**Exercise**
Without including any pictures, write out the data below exactly.

**Supplied entries**
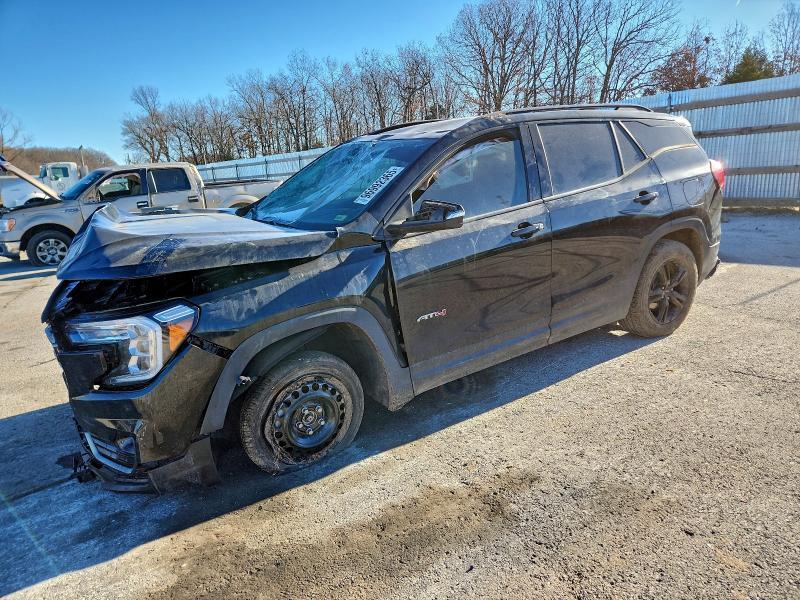 2022 GMC Terrain AT4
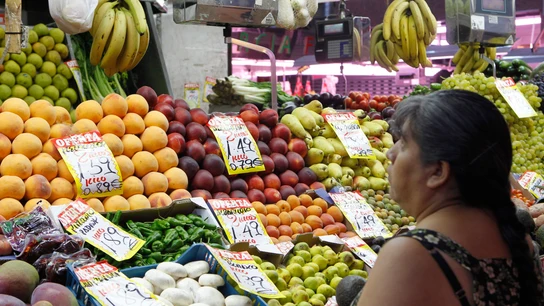 Puesto de fruta en el mercado de las Maravillas, Madrid Puesto de fruta en el mercado de las Maravillas, Madrid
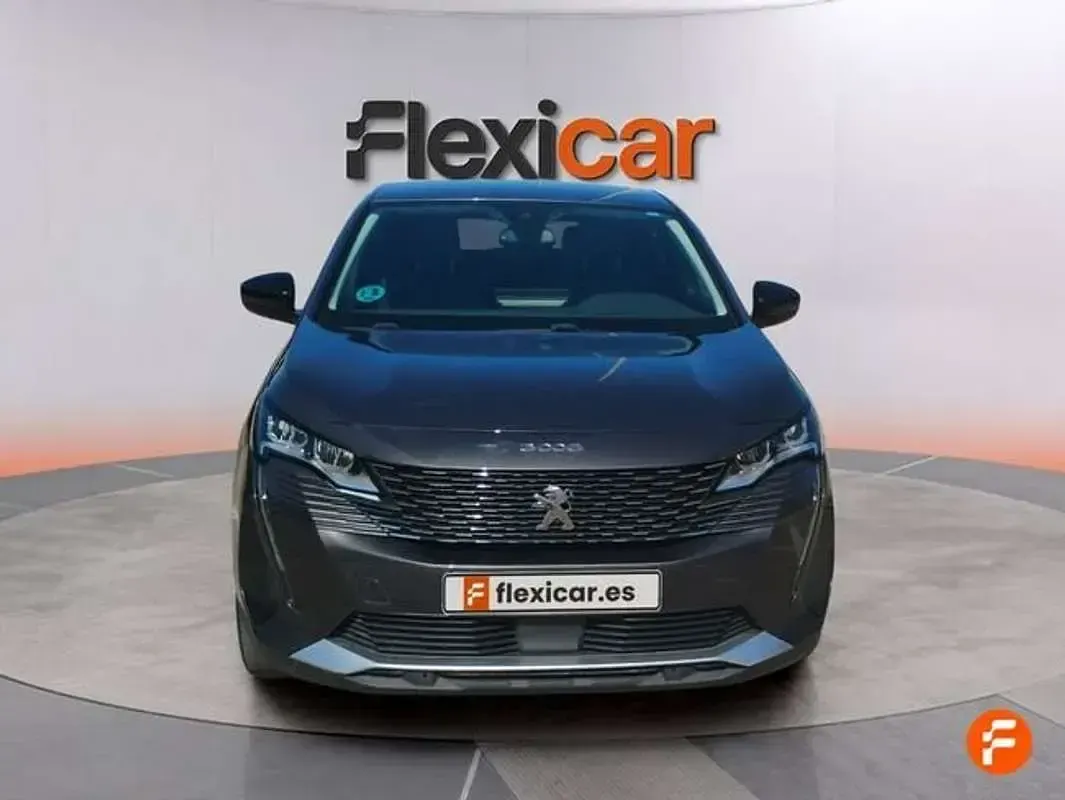 Usado Peugeot 3008 Allure 131 CV (96 kW) 2022 Gris SUV
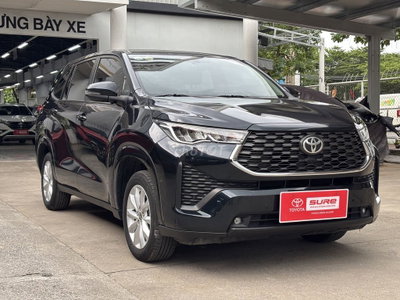 Innova Cross V 2025 - Lướt 13.000 Km - Giá TL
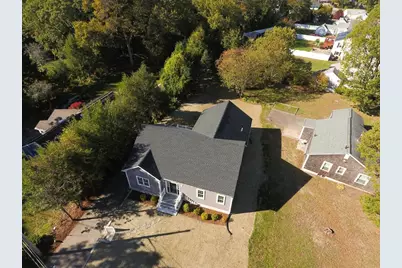 7 N Winnifred Rd, Brockton, MA 02301 - Photo 10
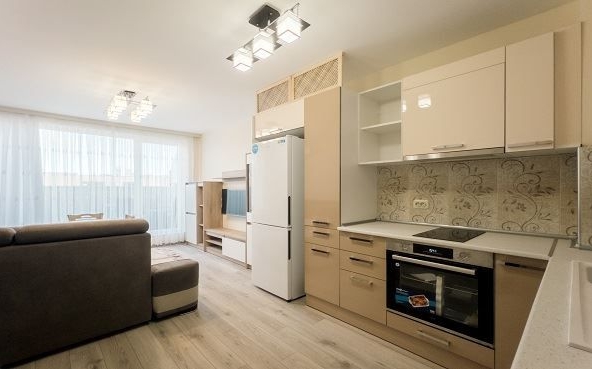 Двустаен апартамент в Варна, Възраждане 1 - 70 кв.м за 2358 €/кв.м - Снимка #1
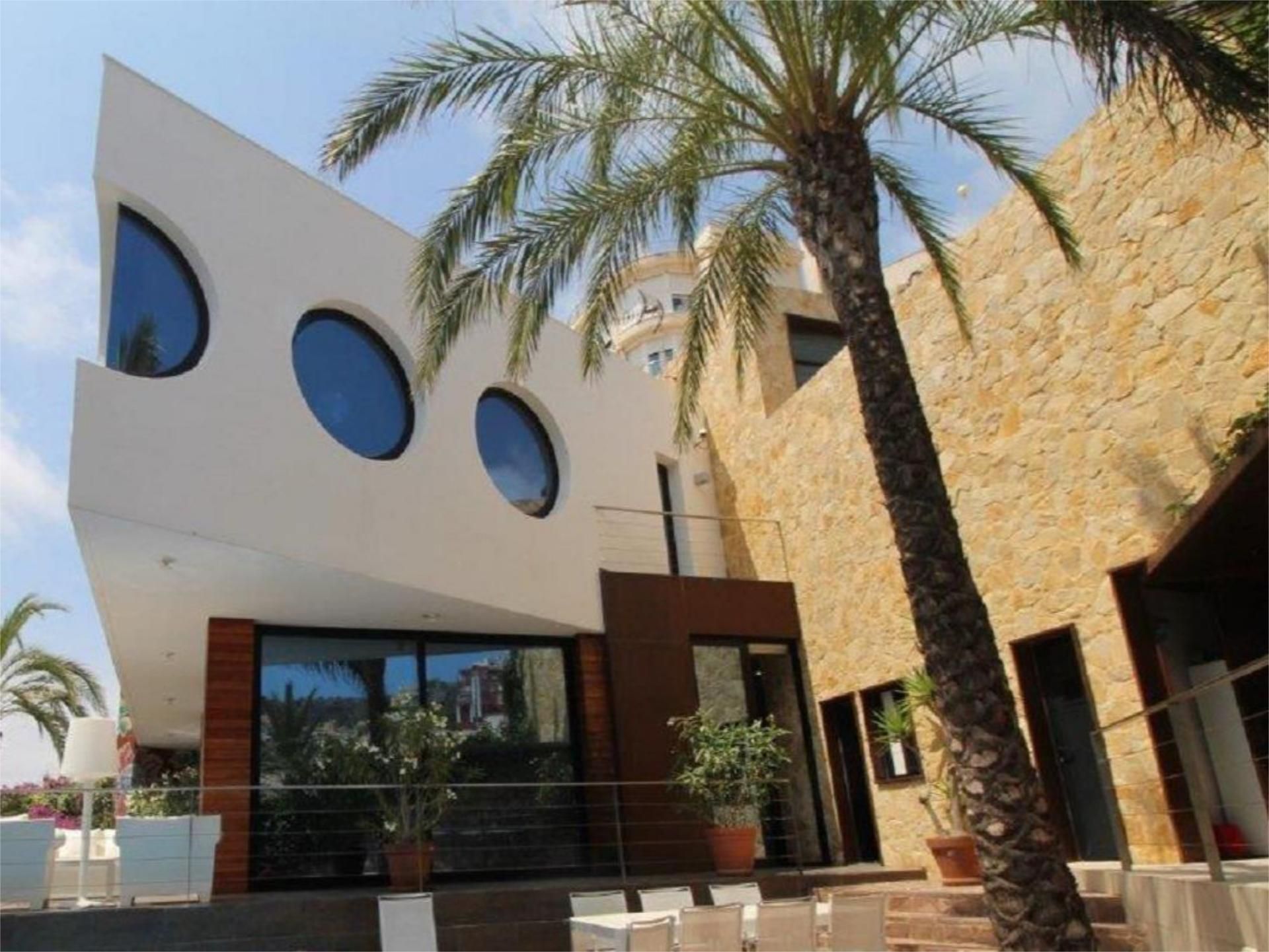 Vista exterior de Casa o xalet de lloguer en Cullera amb Aire condicionat, Terrassa i Piscina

**Answer**
 2022 GMC Terrain AT4
 Puesto de fruta en el mercado de las Maravillas, Madrid Puesto de fruta en el mercado de las Maravillas, Madrid
 Usado Peugeot 3008 Allure 131 CV (96 kW) 2022 Gris SUV
 Innova Cross V 2025 - Lướt 13.000 Km - Giá TL
 7 N Winnifred Rd, Brockton, MA 02301 - Photo 10
 Двустаен апартамент в Варна, Възраждане 1 - 70 кв.м за 2358 €/кв.м - Снимка #1
 Vista exterior de Casa o xalet de lloguer en Cullera amb Aire condicionat, Terrassa i Piscina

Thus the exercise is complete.